Provided data:
▬▬▬
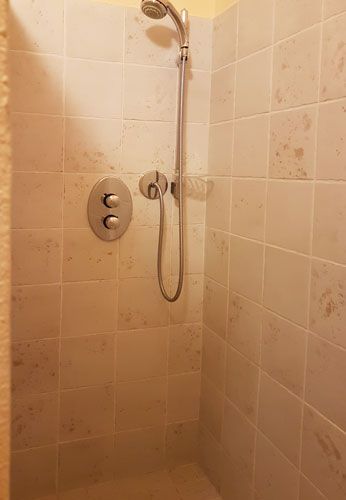 pivate shower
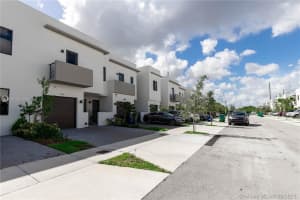 536 SW 91st Pl, Miami, FL 33174, Sold 11/17/21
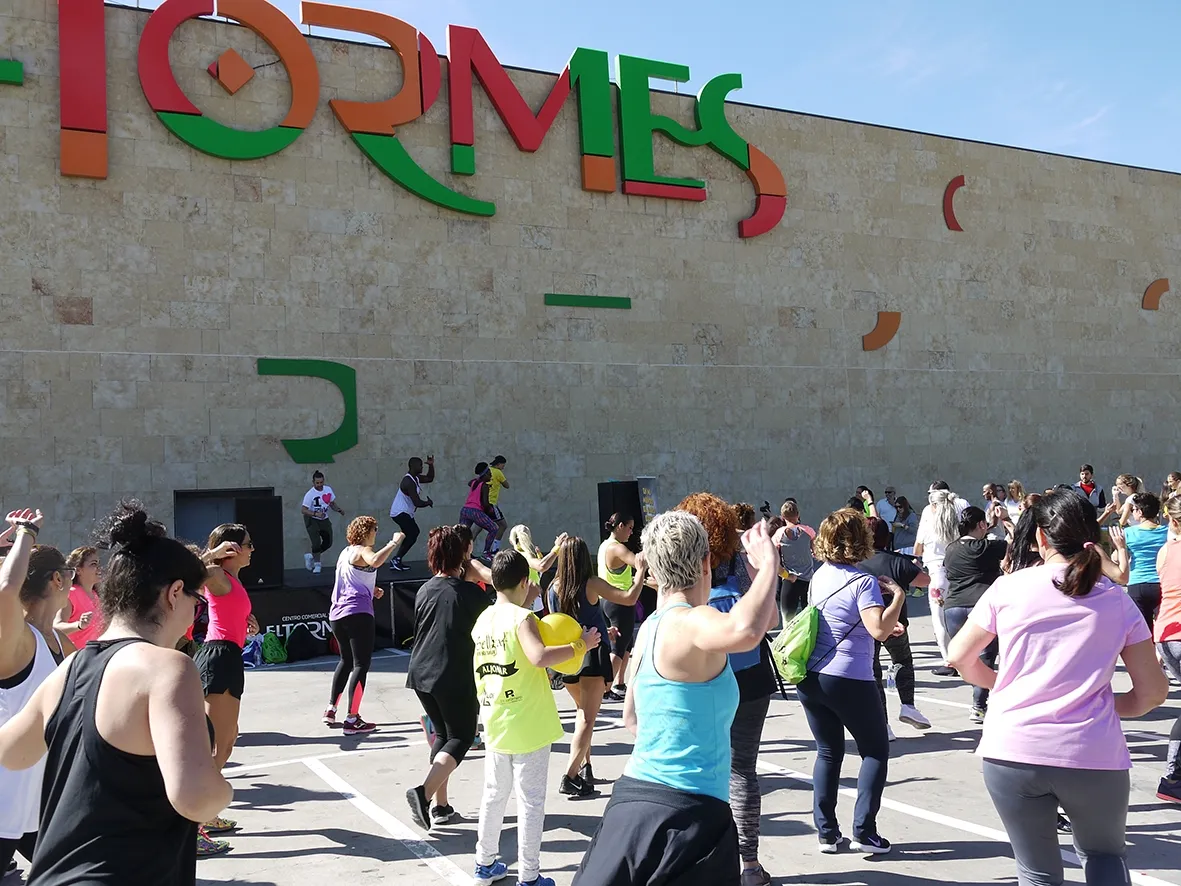 Foto 5 - El Tormes vibra con las masterclass de zumba de Andr&eacute;s Lerma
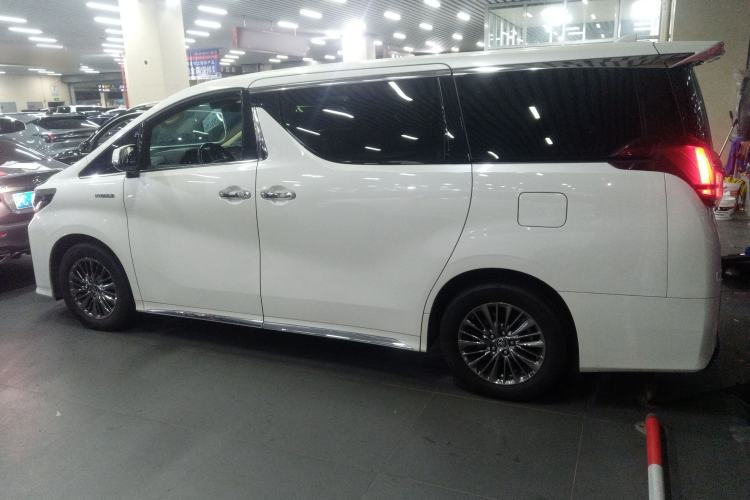 Used Toyota Alphard 2023 Dual-Motor 2.5L Premium Golden Edition Left Side
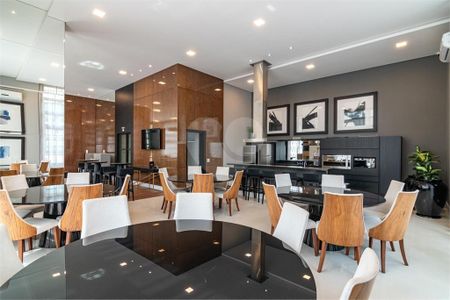 2_photo/94dce22665.8406d85b1cc03178-ATLAS-bd278d45-a009-4e5d-ae39-15b977a7b16b.jpg de apartamento à venda com 3 quartos, 243m² em Campo Comprido, Curitiba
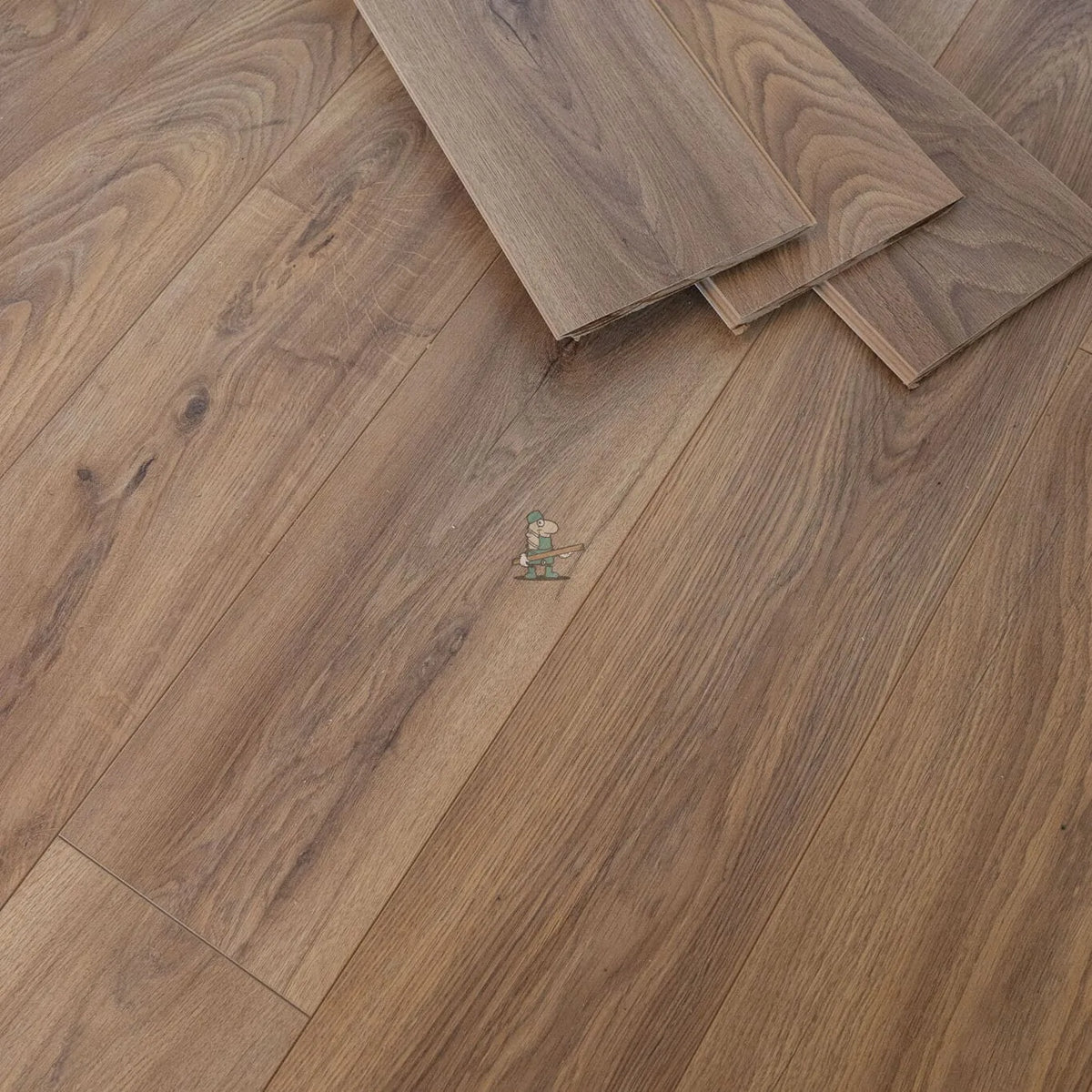 Natural Medium Oak 12mm Laminate – image 2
▬▬▬
Action item: The data needs to be reproduced exactly, please, apart from its pictures.

Output for this task:
 pivate shower
 536 SW 91st Pl, Miami, FL 33174, Sold 11/17/21
 Foto 5 - El Tormes vibra con las masterclass de zumba de Andr&eacute;s Lerma
 Used Toyota Alphard 2023 Dual-Motor 2.5L Premium Golden Edition Left Side
 2_photo/94dce22665.8406d85b1cc03178-ATLAS-bd278d45-a009-4e5d-ae39-15b977a7b16b.jpg de apartamento à venda com 3 quartos, 243m² em Campo Comprido, Curitiba
 Natural Medium Oak 12mm Laminate – image 2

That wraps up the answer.